# DESCRIPTION OF THE TASK
Instruction for the listing below: copy exactly, and only, the lines from the one holding "Escape Simulator The Lab Walkthrough" through its last line, omitting any picture.

# GIVEN RECORDS
◆ ◆ ◆ ◆ ◆ ◆ ◆

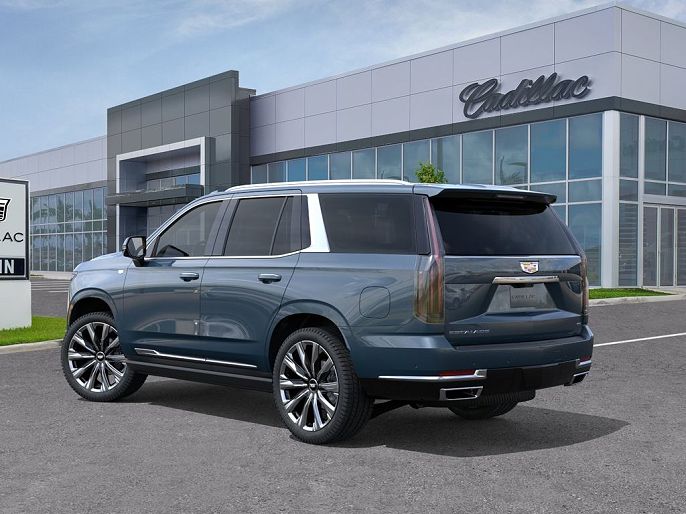 2026 Cadillac Escalade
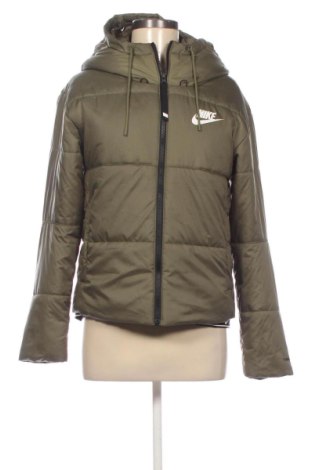 Női dzseki Nike, Méret S, Szín Zöld, Ár 21 034 Ft, #137763233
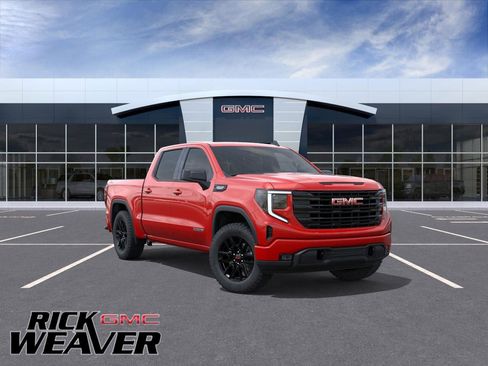 New 2026 GMC Sierra 1500 Elevation image 1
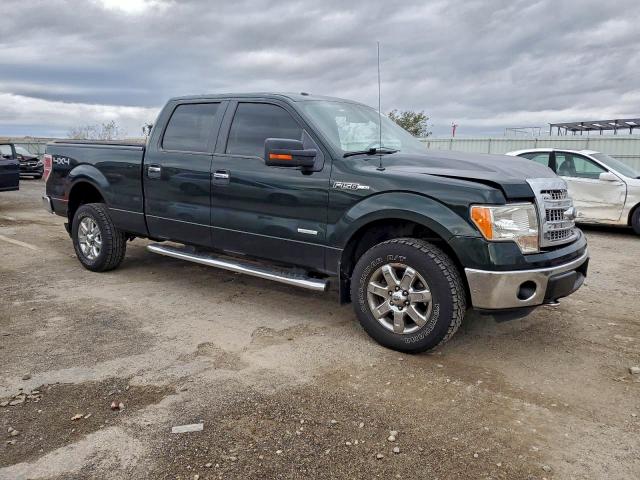 Photo 4 from auction – 2014 FORD F150 SUPER with VIN 1FTFW1ET1EKF08412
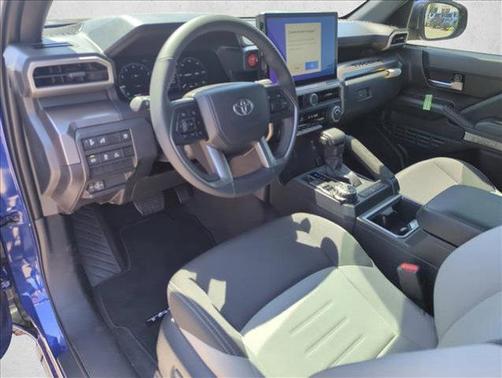 Terra 2025 Toyota Tacoma Hybrid TRD Off Road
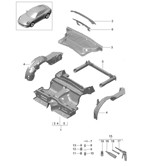 Body 991 (911) MK1 2012-2016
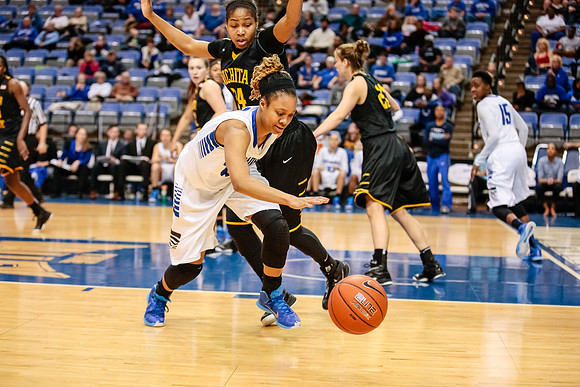 WBB ISU vs WSU Senior Day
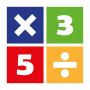 icon MuldiX - Multiplication and Division of N-Numbers (MuldiX - Multiplicação e Divisão de N-Numbers
)
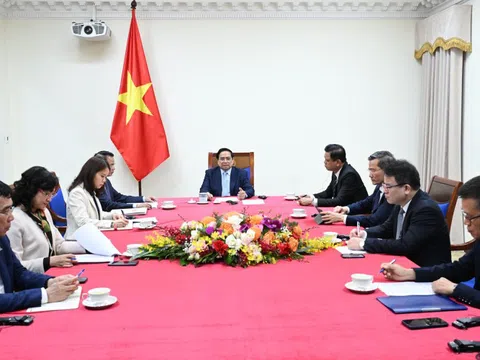 Thủ tướng Phạm Minh Chính điện đàm với Thủ tướng Qatar: Sẵn sàng hợp tác chặt chẽ nhằm góp phần ổn định năng lượng tại Việt Nam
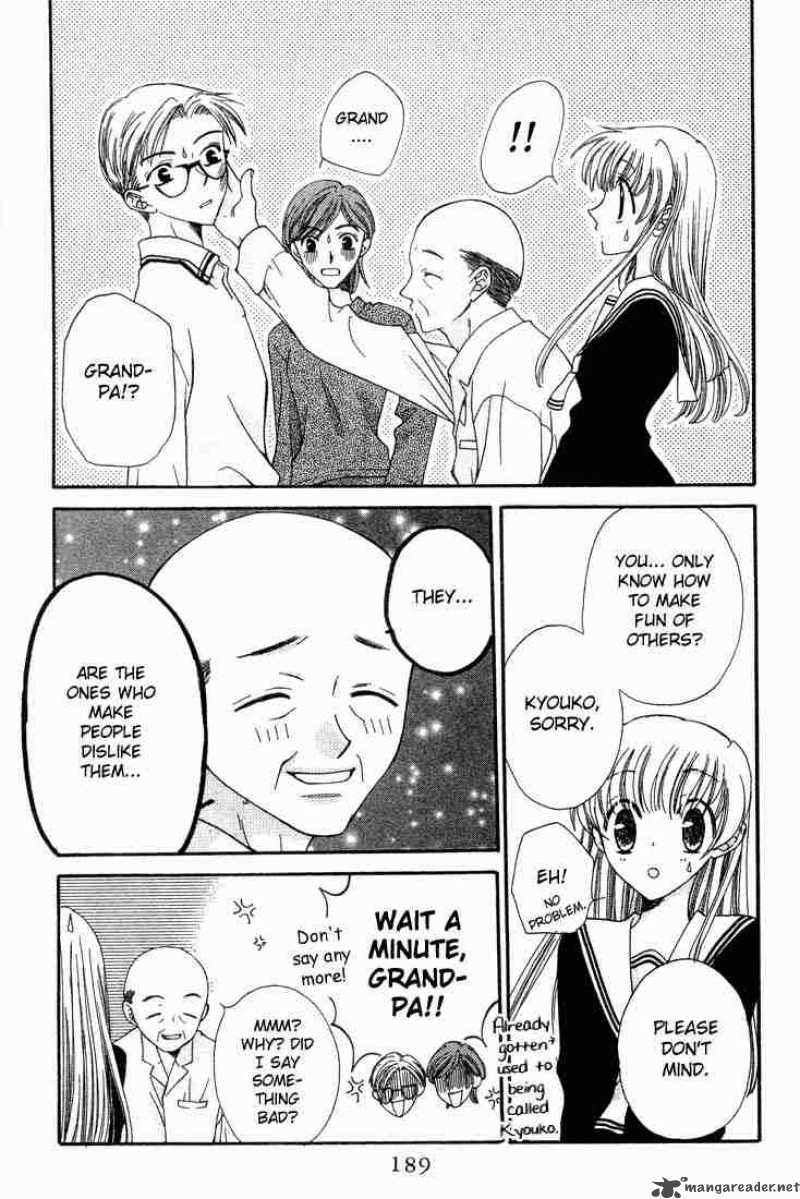 Fruits Basket Chapter 6 Page 15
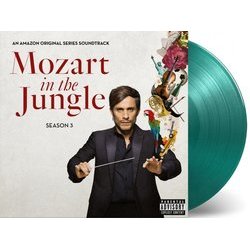 Mozart in the Jungle: Season 3 Soundtrack (Various Artists) - cd-inlay
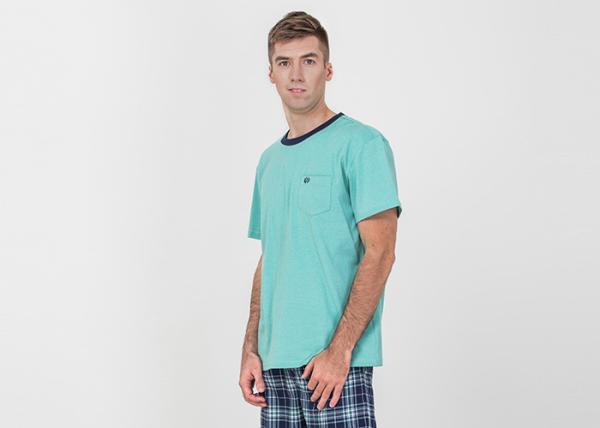 Comfortable Mens Luxury Sleepwear Woven Flannel Long Pants Australian Design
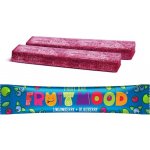 FRUIT MOOD Ovocná tyčinka 4 x 20 g – Zboží Dáma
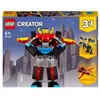 Image de LEGO® Creator 31124 Le Super Robot en occasion ou reconditionné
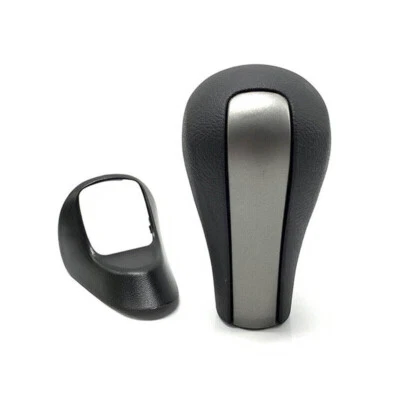 Pomo de cambio automático de cuero para Honda Accord Crosstour 2010-12 54130-TB0-A81ZA Foto 1 de 4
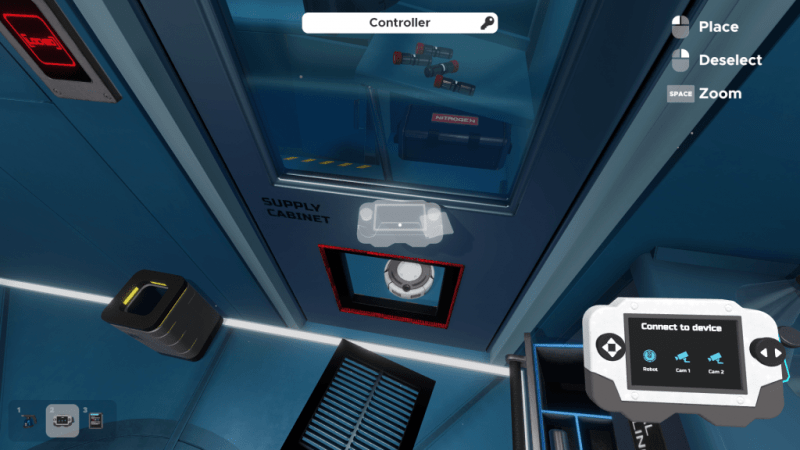 Escape Simulator The Lab Walkthrough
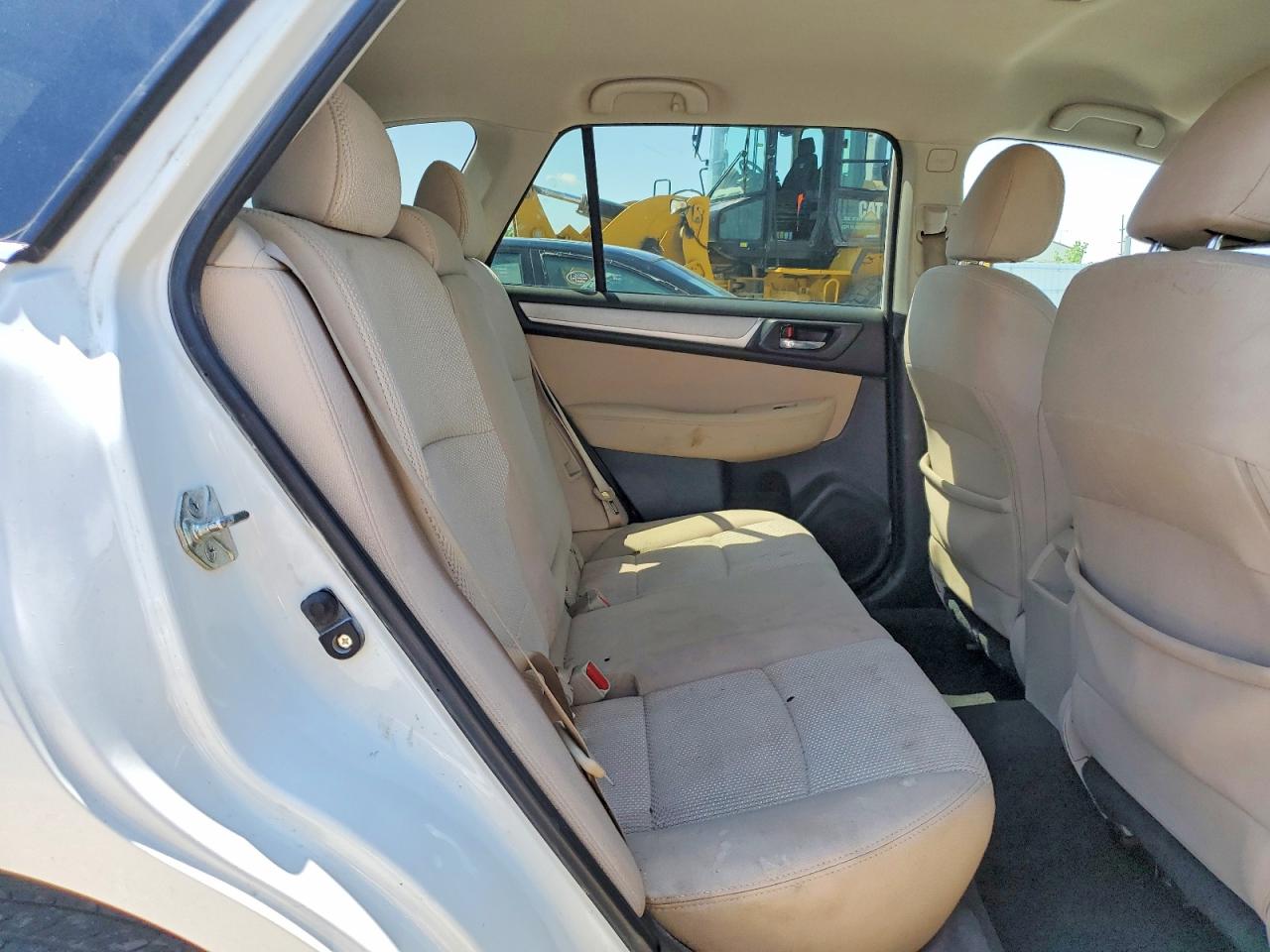 2016 SUBARU OUTBACK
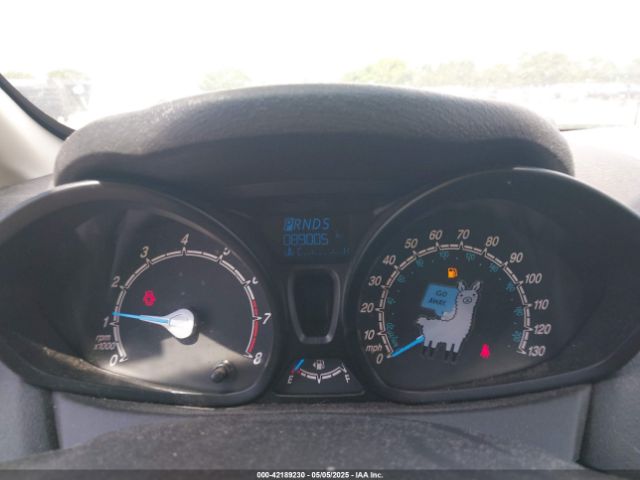 3FADP4AJ9GM205938 Ford FIESTA S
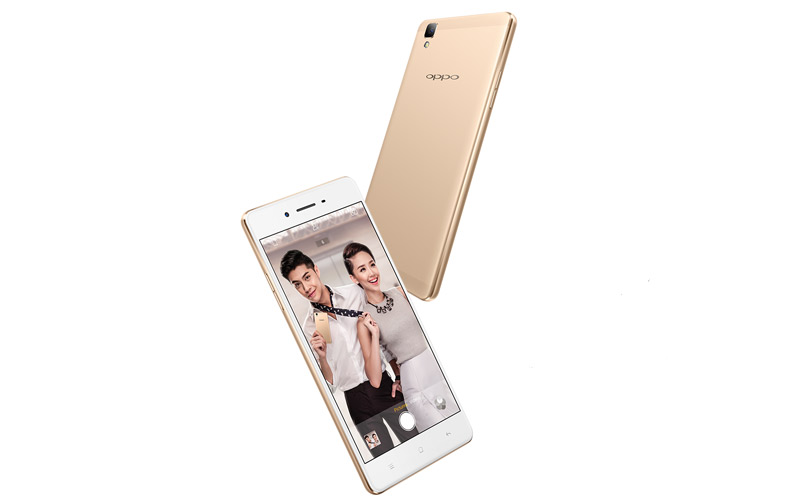 Oppo F1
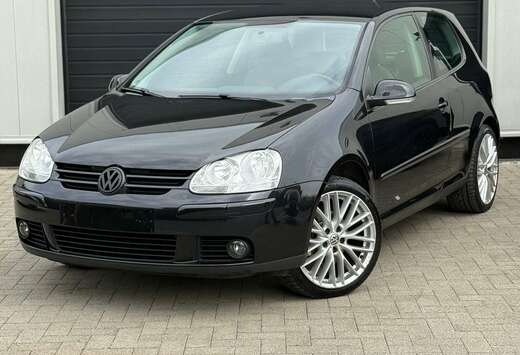 Volkswagen Vw Golf 5 Édition GOAL 1.4 Essence CarPla ...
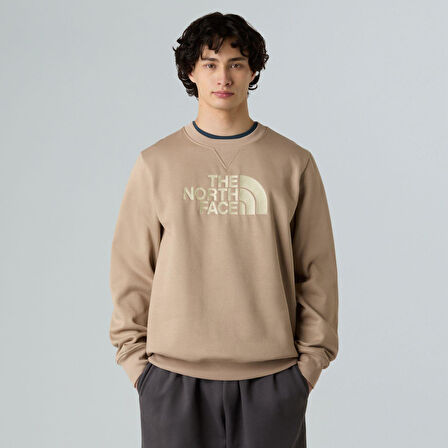 The North Face M DREW PEAK REGULAR CREW Erkek Sweatshirt NF0A89EKEHX1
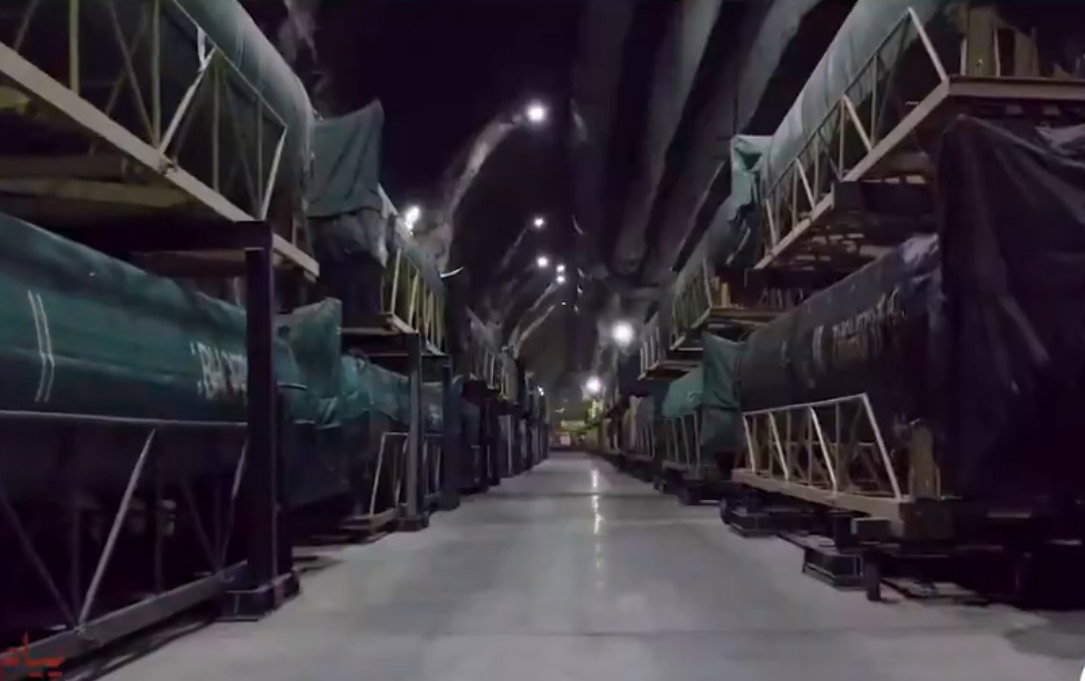 מתוך הסרטון שפורסם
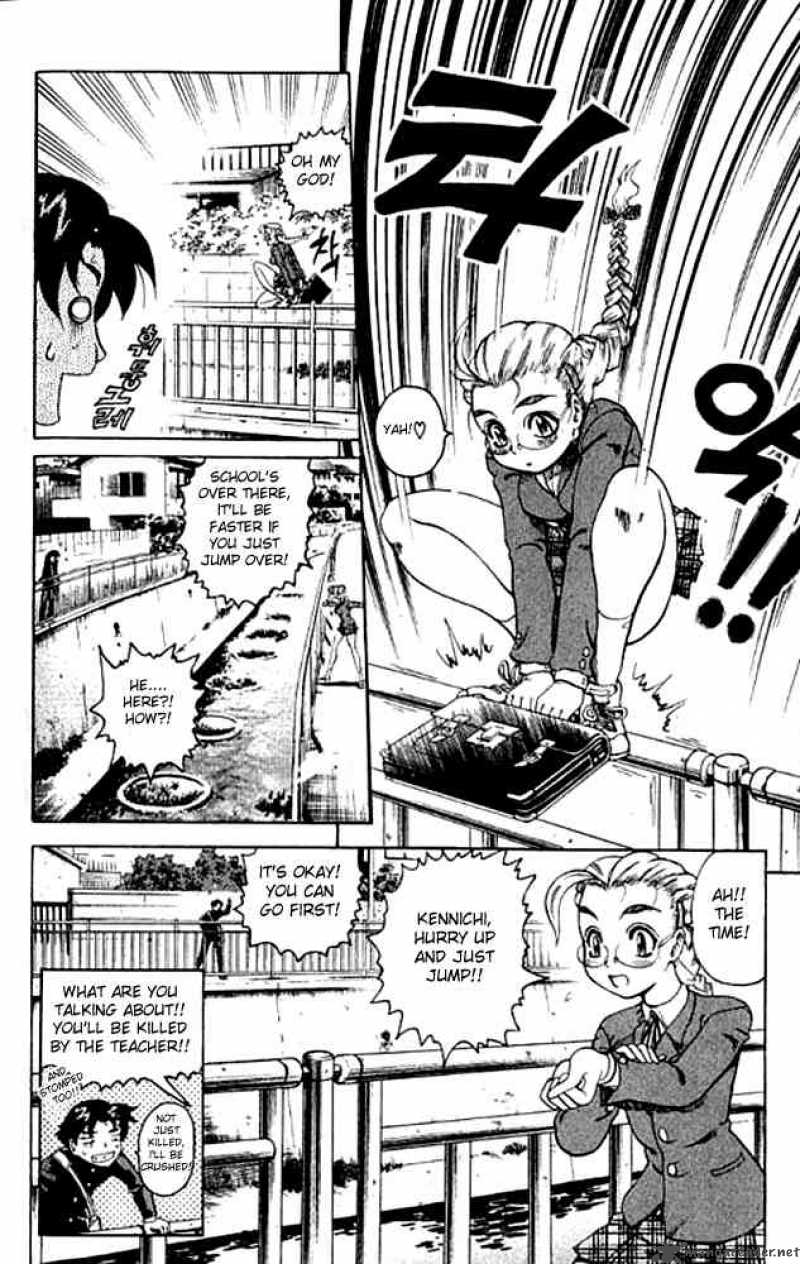 Historys Strongest Disciple Kenichi 2 9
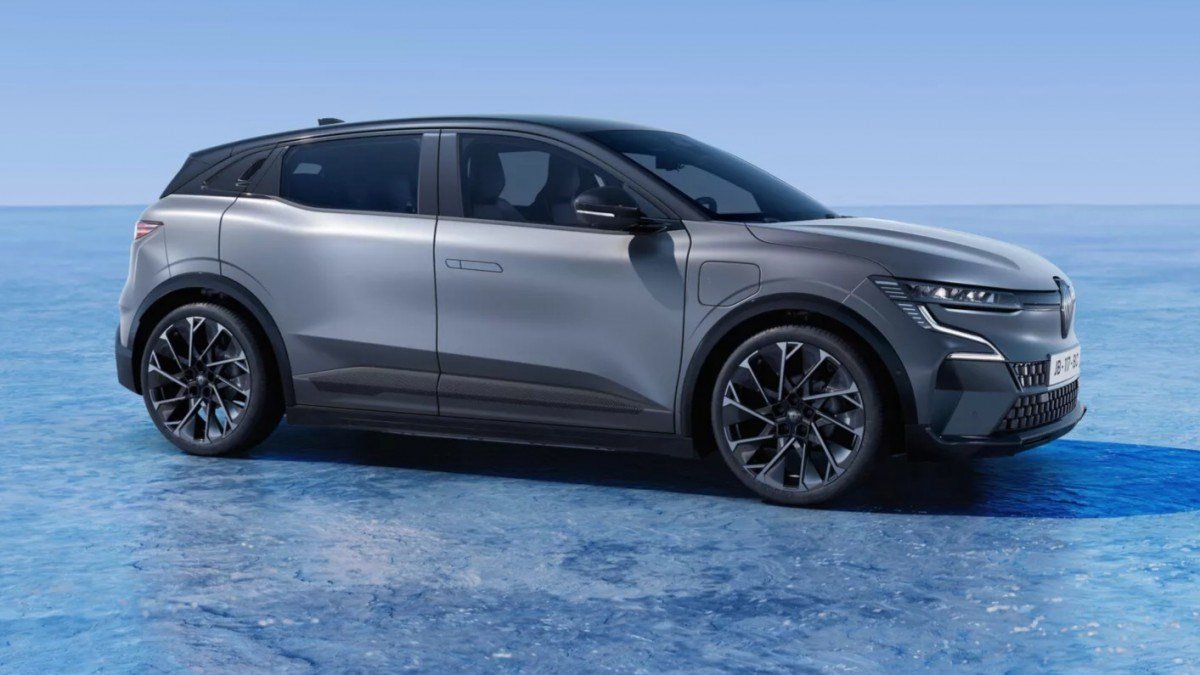 Renault Megane E-Tech için LFP batarya hamlesi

◆ ◆ ◆ ◆ ◆ ◆ ◆

# ANSWER SPACE
 Escape Simulator The Lab Walkthrough
 2016 SUBARU OUTBACK
 3FADP4AJ9GM205938 Ford FIESTA S
 Oppo F1
 Volkswagen Vw Golf 5 Édition GOAL 1.4 Essence CarPla ...
 The North Face M DREW PEAK REGULAR CREW Erkek Sweatshirt NF0A89EKEHX1
 מתוך הסרטון שפורסם
 Historys Strongest Disciple Kenichi 2 9
 Renault Megane E-Tech için LFP batarya hamlesi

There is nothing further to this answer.